What you need to do.
The result should be the listing below restated word for word, with images left out.

Recorded data.
——
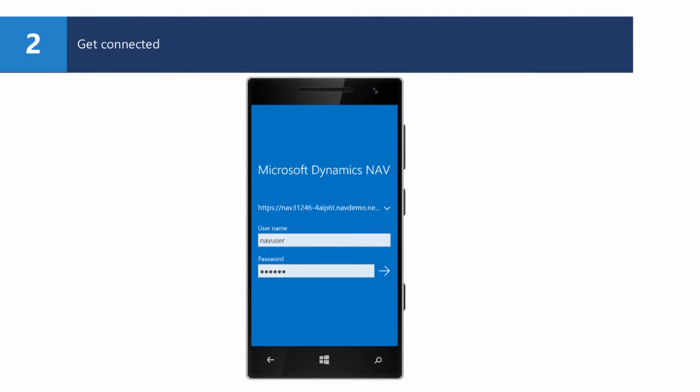The app connects to your Dynamics NAV 2016 server, whether that is on premise or in the cloud, and authenticates using any of the usual credential types.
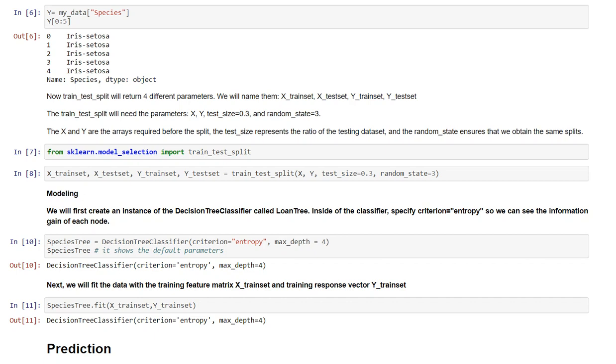Test size 0.3 indicates that I have used 70% of my data for training and 30% of my data for testing. The x and y are the arrays required before the split. The test size represents the ratio of the testing dataset and the random state ensures that we obtain the same splits every time we run this file.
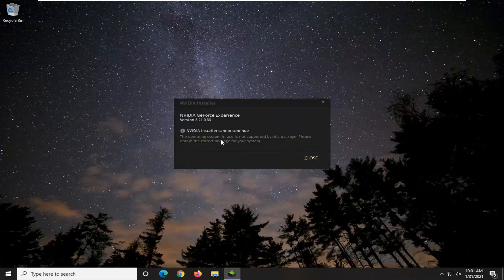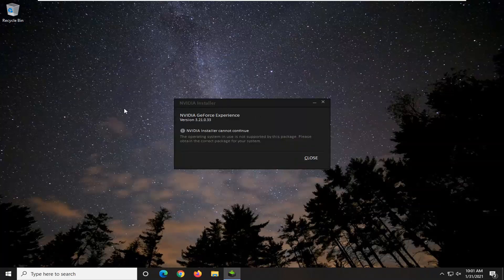Okay, so it cannot continue because I don't actually have an NVIDIA graphics card on this system. Otherwise you would just go ahead and continue with the installation prompts.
——
Written response.
The app connects to your Dynamics NAV 2016 server, whether that is on premise or in the cloud, and authenticates using any of the usual credential types.
Test size 0.3 indicates that I have used 70% of my data for training and 30% of my data for testing. The x and y are the arrays required before the split. The test size represents the ratio of the testing dataset and the random state ensures that we obtain the same splits every time we run this file.
Okay, so it cannot continue because I don't actually have an NVIDIA graphics card on this system. Otherwise you would just go ahead and continue with the installation prompts.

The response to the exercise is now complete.